Great photography! LOL mouth wide open in every shot.


----------



## ::::COACH:::: (Apr 4, 2012)

She looks like a fun dog!! Love the pics!! Those last several are great! Lol!


----------



## BastienBully (Aug 8, 2011)

On the second picture, her face is priceless haha! Thanks for sharing


----------



## EckoMac (Aug 25, 2010)

Your girl cracks me up with the faces she makes while playing. LOL!


----------



## apbt2010 (Dec 9, 2010)

MSK said:


> Great photography! LOL mouth wide open in every shot.


thanks, she loves catching water in her mouth an i love how she bites the water lol



::::COACH:::: said:


> She looks like a fun dog!! Love the pics!! Those last several are great! Lol!


man she is a super fun dog, very energetic compared to bear lol



BastienBully said:


> On the second picture, her face is priceless haha! Thanks for sharing


one of the things i like when takin pics is capturing her face expression 



EckoMac said:


> Your girl cracks me up with the faces she makes while playing. LOL!


hope to have more pics of her soon up


----------



## kellisnow (Mar 13, 2012)

Those are great pictures and it looks like she enjoyed herself.


----------



## Kai (Jun 10, 2012)

Love this! Esp the 5th one where you have the water gun pointed at her lol too cute


----------



## apbt2010 (Dec 9, 2010)

kellisnow said:


> Those are great pictures and it looks like she enjoyed herself.


yes she sure did 



Kai said:


> Love this!
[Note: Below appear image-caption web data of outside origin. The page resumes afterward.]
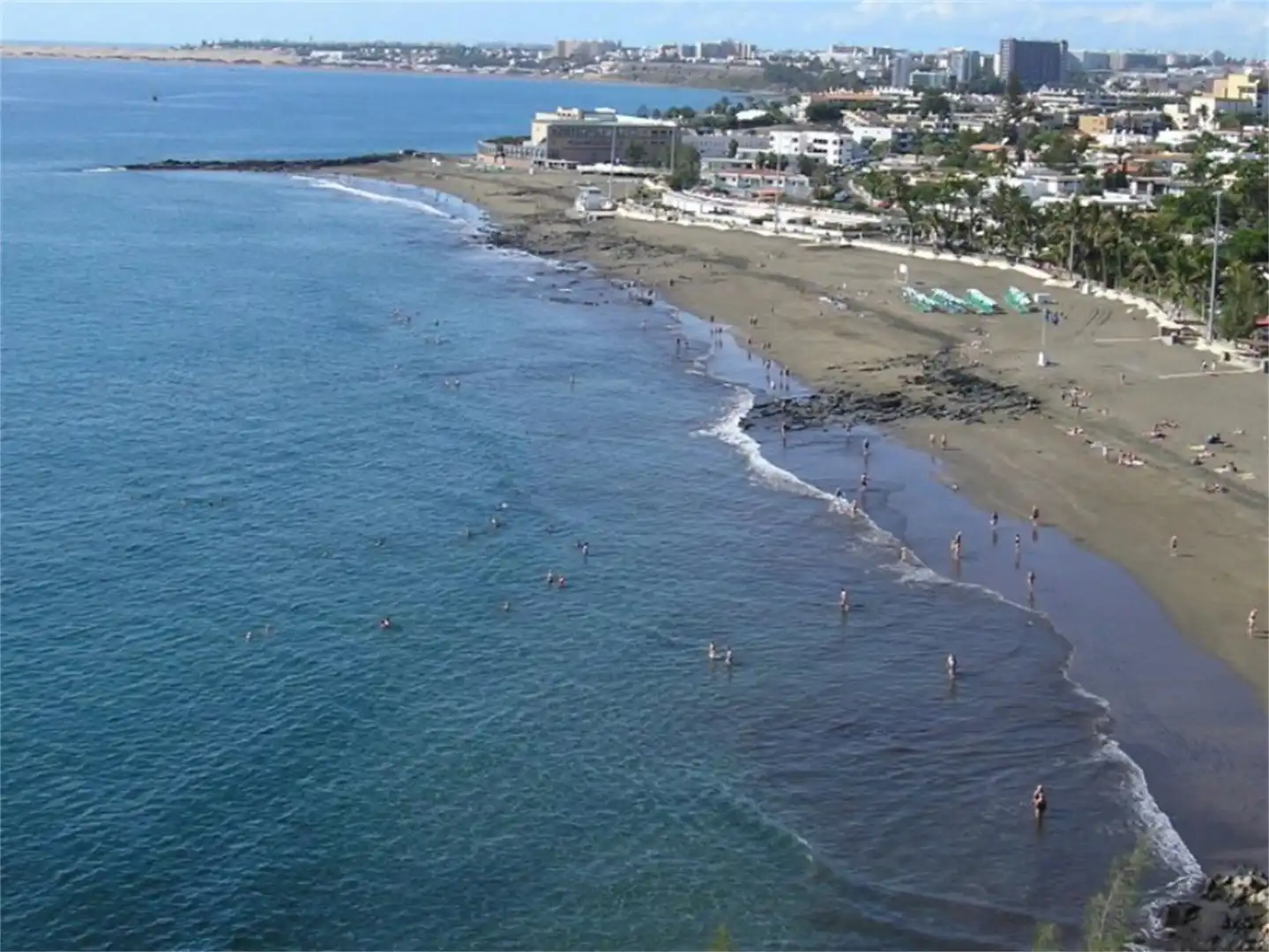 Wohnungen zur Miete in Paseo Costa Canaria, San Agustín - Bahía Feliz Außenansicht von Wohnungen zur Miete in San Bartolomé de Tirajana mit Terrasse und Möbliert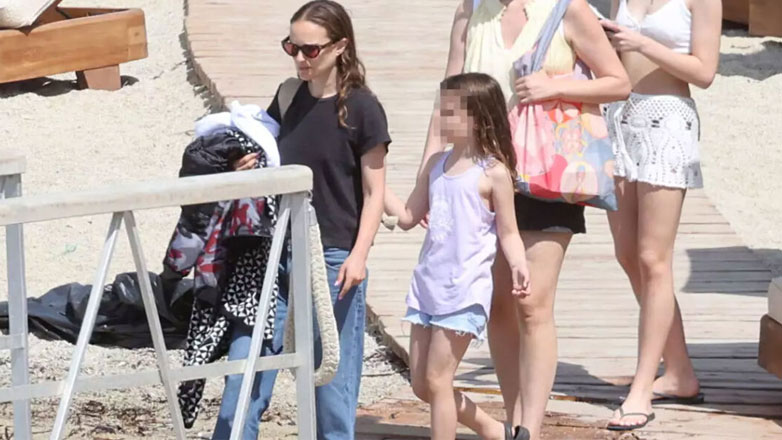 Συνεχίζει τις διακοπές της στη Μύκονο μαζί με την κόρη της η Natalie Portman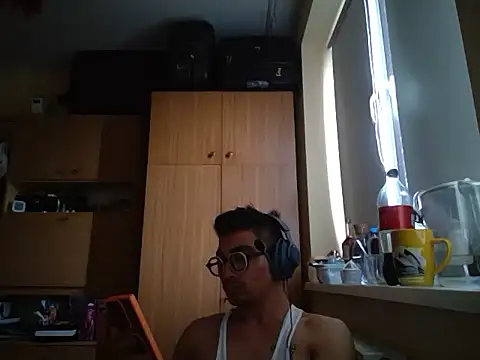 Snapshot of Lokomo32 chatting on May 17, 2026, 4:45 am Lokomo32 online show from May 17, 2026, 4:45 am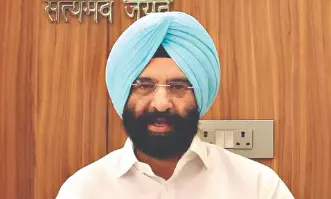 LPG war: Govt denies crunch, AAP cries crisis LPG war: Govt denies crunch, AAP cries crisis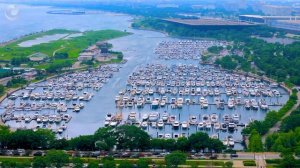 CHICAGO – Urban Pulse on Lake Michigan ｜ Deep House Chill Mix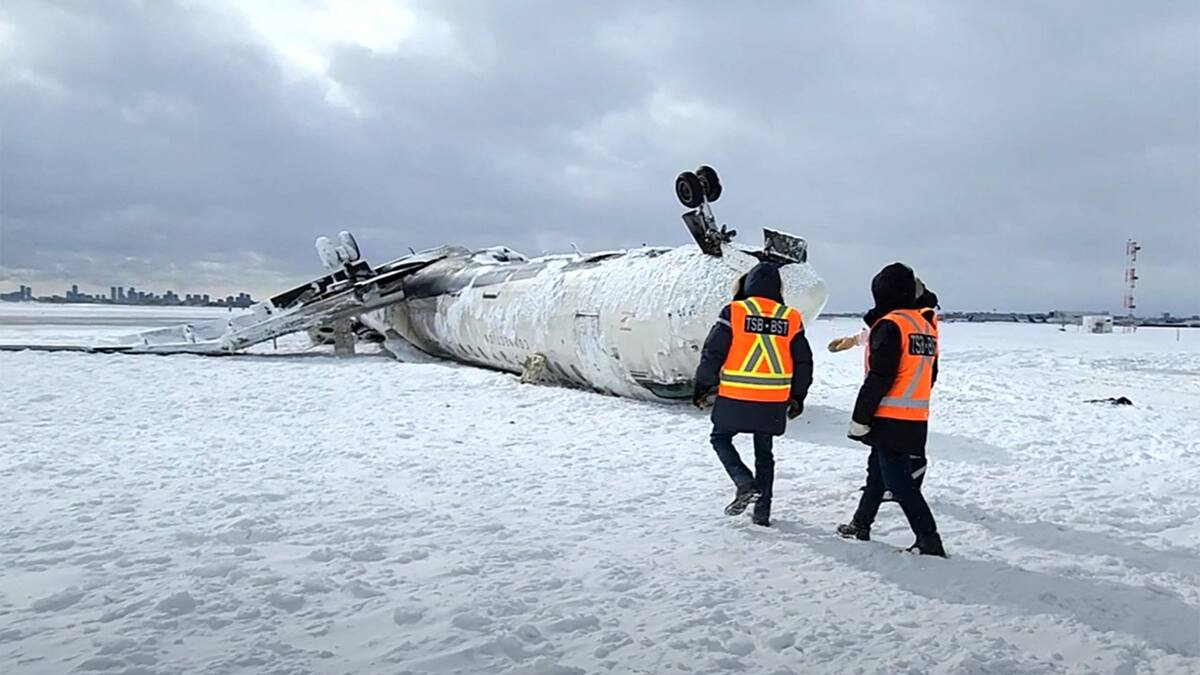 El avión de Delta cuyo aterrizaje forzoso causó decenas de heridos. Foto: Reuters.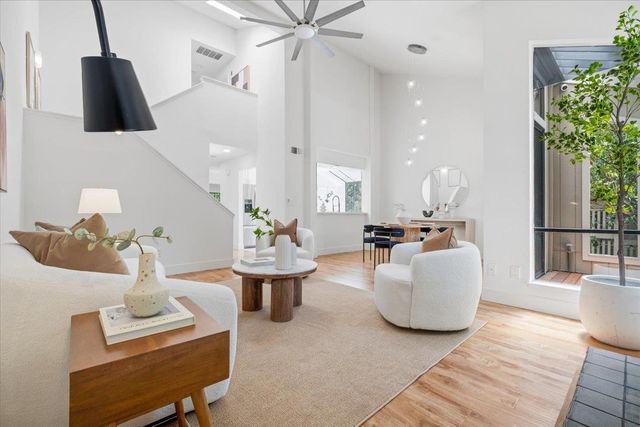 392 N Whisman Road, Mountain View, CA 94043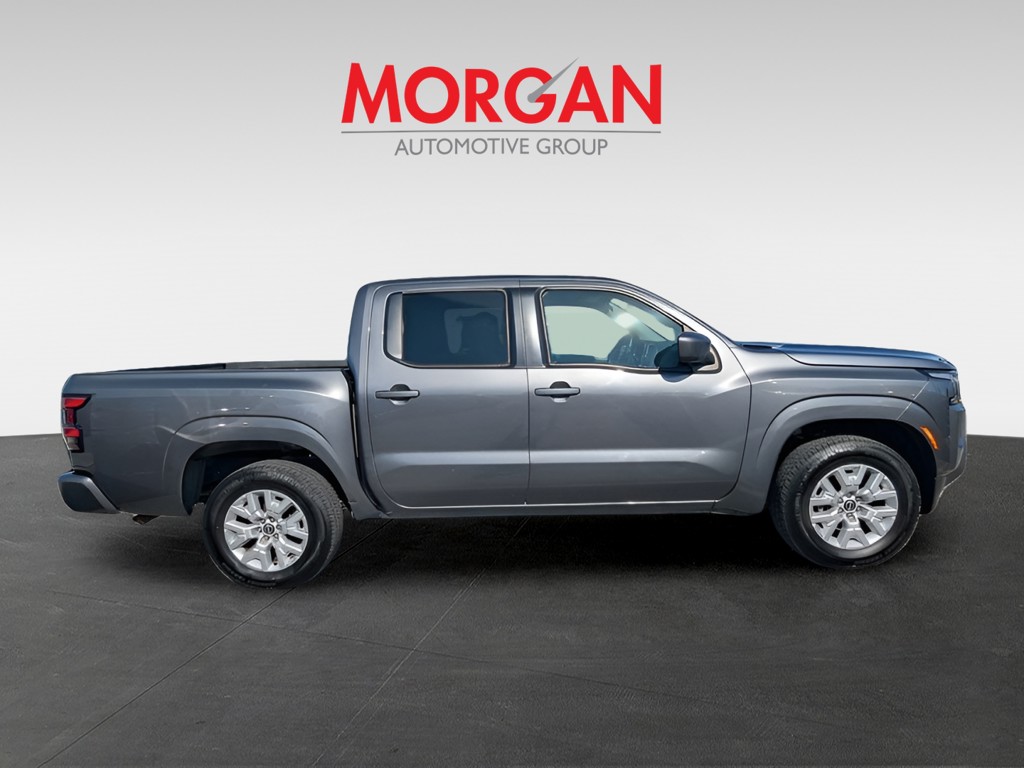 Used 2022 Gray Nissan SV image 2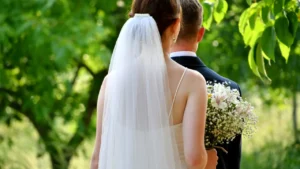 https___www.gandul.ro_wp-content_uploads_2025_07_a-bride-with-a-bouquet-of-flowers-standing-next-to-2025-03-11-18-20-02-utc-1280x853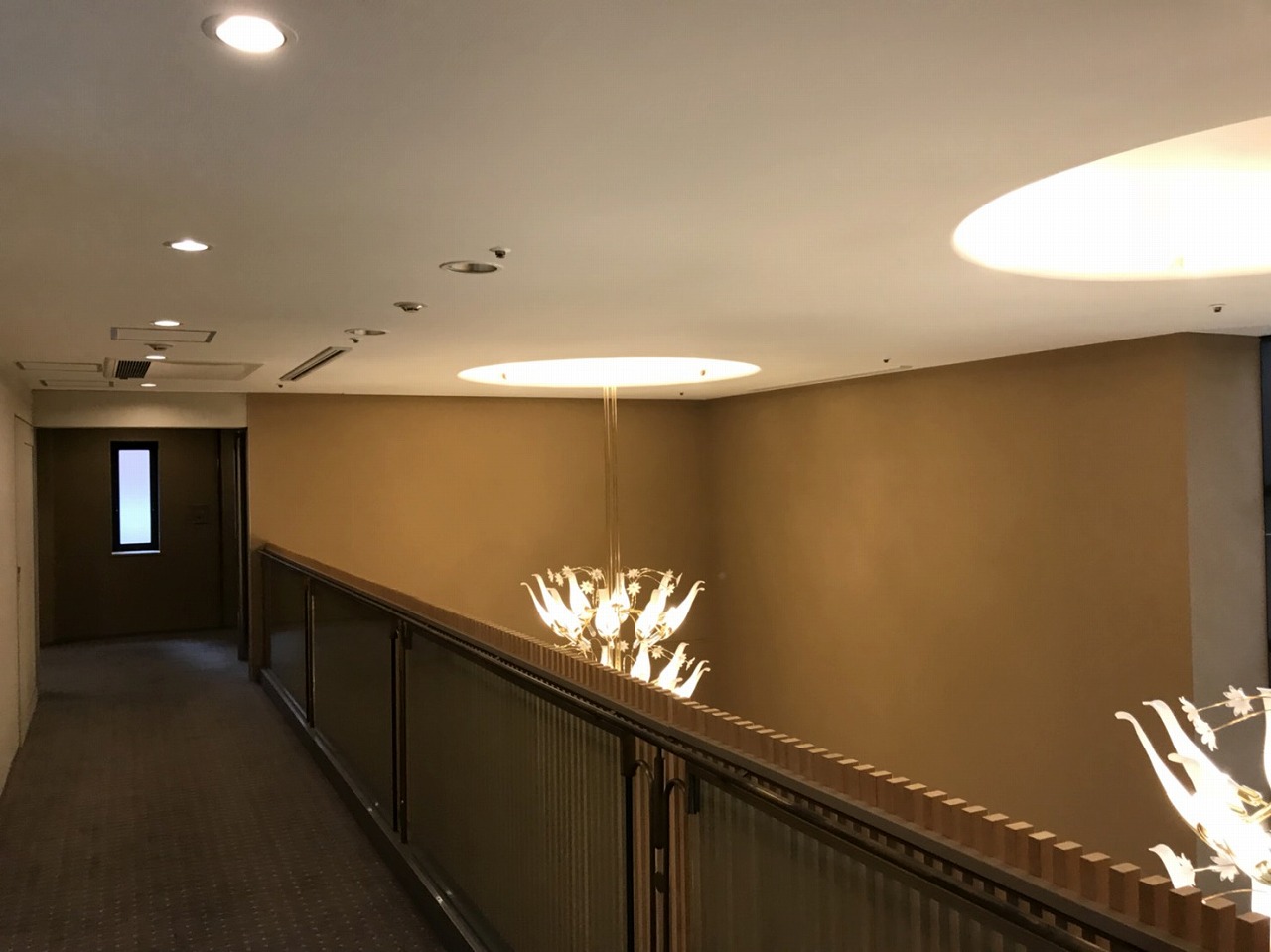 京都市中京区　ホテル玄関ホール天井吹抜けクロス貼替工事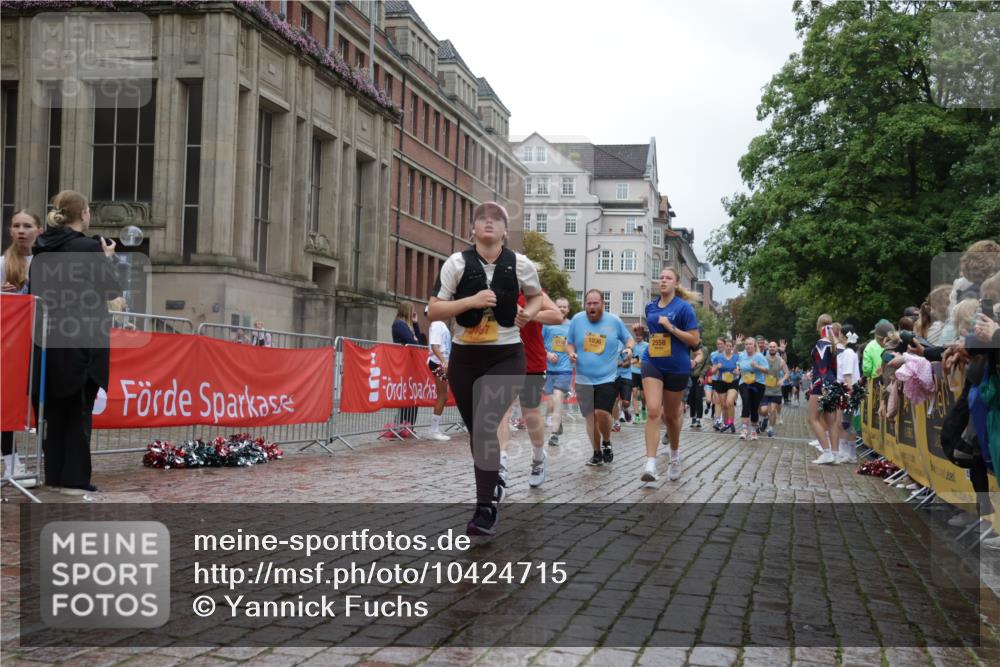 13.09.2026 - Kiel Lauf Yannick Fuchs http://msf.ph/oto/10424715 13.09.2026 11:00:48 Ziel 1795, 2038, 2697, 3423, 3425, 4055, 4769, 4855, 4915, 5648, 5794, 5912, 6399, 6426, 6995, 6996, 7214, 7610, 8229, 8590, 8622, 9199, 9594, 10339, 10480, 10529, 10700, 11972, 12326, 362, 893, 1036, 1518, 1650, 1722, 1896, 1897, 2150, 2151, 2187, 2233, 2267, 2558, 2915, 3793, 4239, 4261, 4524, 4706, 4787, 4905, 6431, 6770, 7091, 7179, 7214, 7997, 8481, 8565, 8686, 9327, 9408, 10346, 10590, 10674, 11182, 11220, 11471, 11797, 11835, 12214, 12457, 12756, 48, 190 meine-sportfotos.de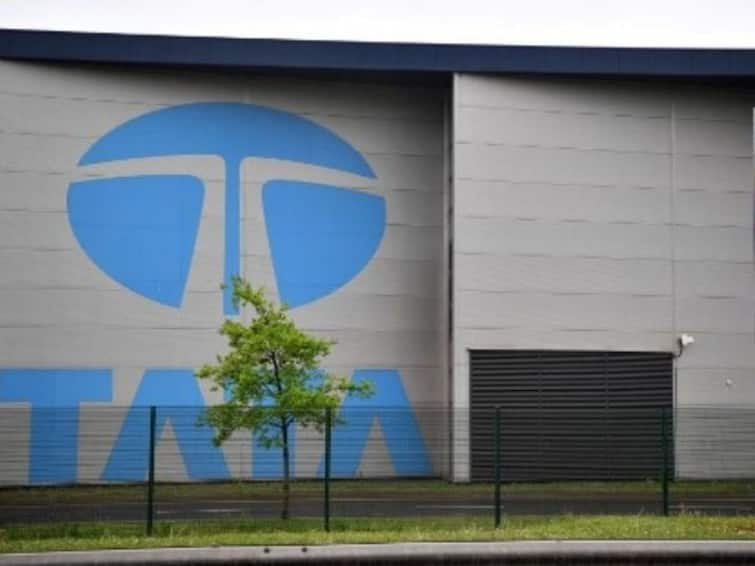 Tata Steel Q3 Results: Firm Logs Rs 2,501-Crore Net Loss, Total Income Declines To Rs 57,354 Crore Tata Steel Q3 Results: Firm Logs Rs 2,501-Crore Net Loss, Total Income Declines To Rs 57,354 Crore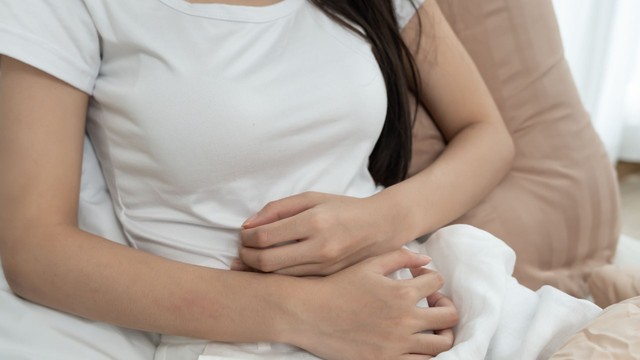 Đang cho con bú bị đau dạ dày: Nguyên nhân và cách giảm đau an toàn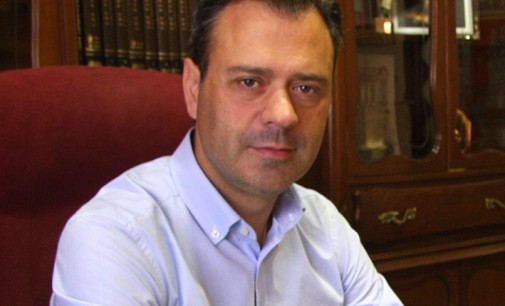 El alcalde responsabiliza a PSOE y Podemos de la construcción de la granja de cerdos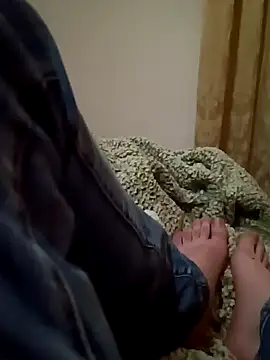 Snapshot of biondand chatting on 03.27.26 biondand online show from 03.27.26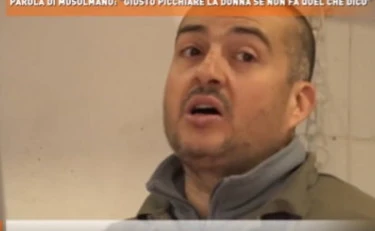 Dritto e Rovescio, video-choc dell'islamico: "Intervenga la polizia", Del Debbio ferma tutto
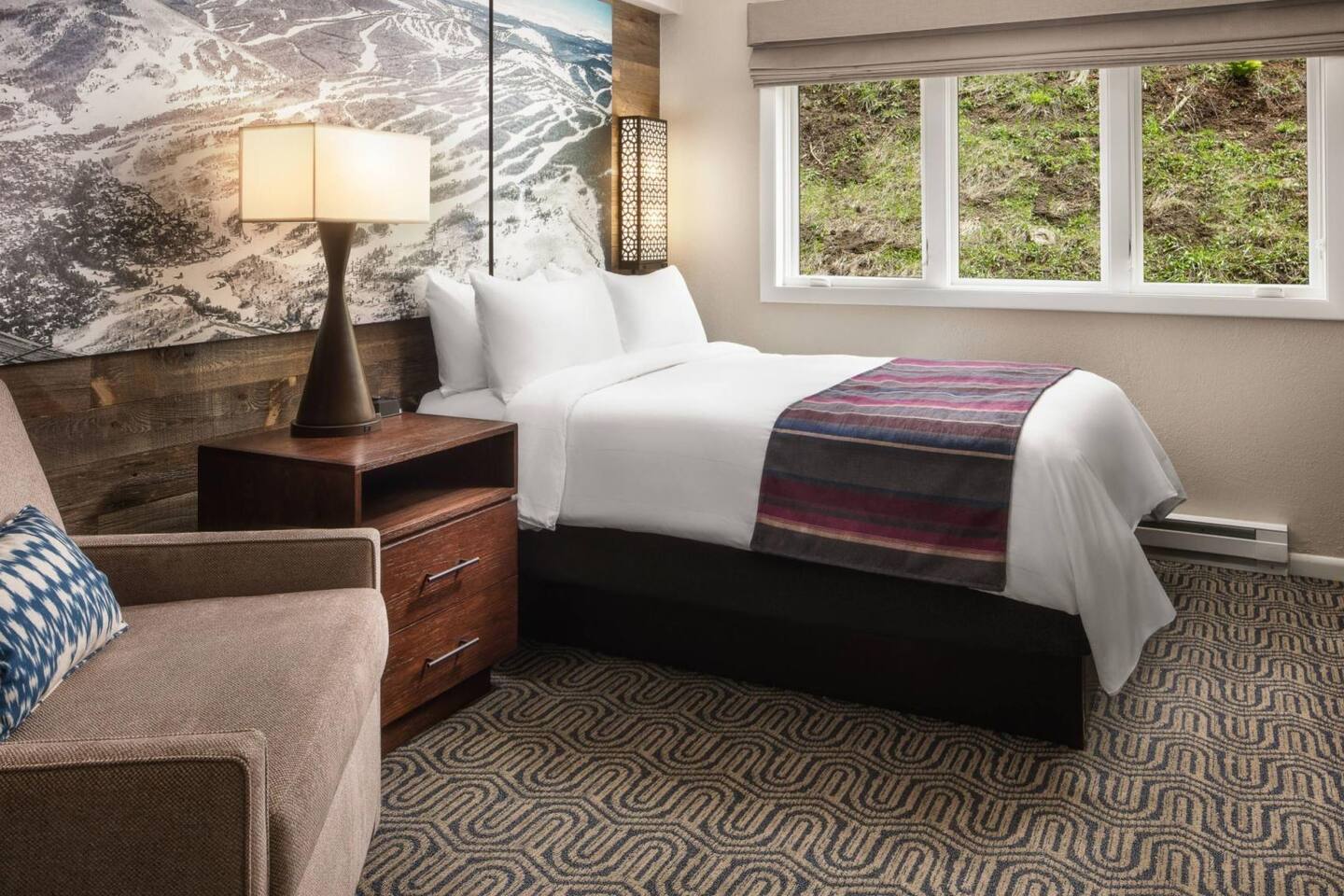 Marriott's StreamSide at Vail - Birch, Douglas, and Evergreen — Two Bedroom Villa in Birch Building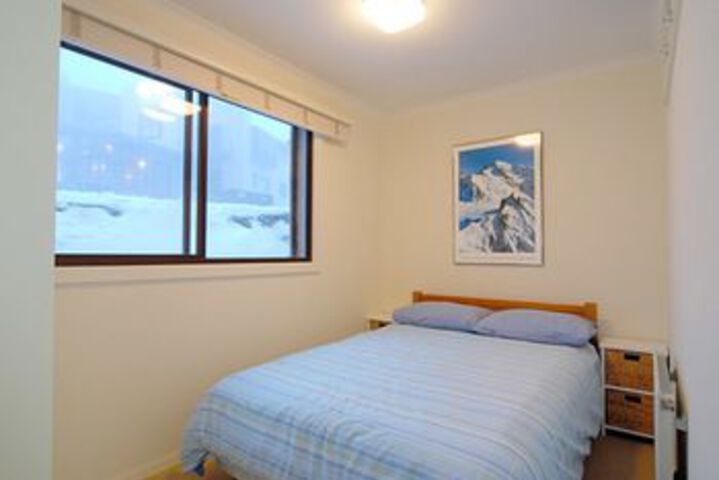 Room 8 of 13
Esp the 5th one where you have the water gun pointed at her lol too cute


me too i like that an it would look nice with a caption


----------



## SiN (Jul 29, 2012)

lol aww!! looks like she's havin A LOT of fun w/ it! my Cairo does the oddest thing when u squirt water in his face .. he like bites real fast at it n chomps his teeth lol i'll have to take a vid one day .. 

awesome pix tho .. she's a cutie!


----------



## apbt2010 (Dec 9, 2010)

she dose the same thing an what i hate is she jumps right in front of the the water very close instead of staying back lol


----------



## MamaTank (Jun 12, 2011)

LOL too funny-- and as always, GREAT pics!


----------



## Elvisfink (Oct 13, 2008)

I F-ING LOVE IT!!!!! What great shots!!!! LMAO!!!!!


----------



## apbt2010 (Dec 9, 2010)

MamaTank said:


> LOL too funny-- and as always, GREAT pics!


thank you 



Elvisfink said:


> I F-ING LOVE IT!!!!! What great shots!!!! LMAO!!!!!


aww thank you


----------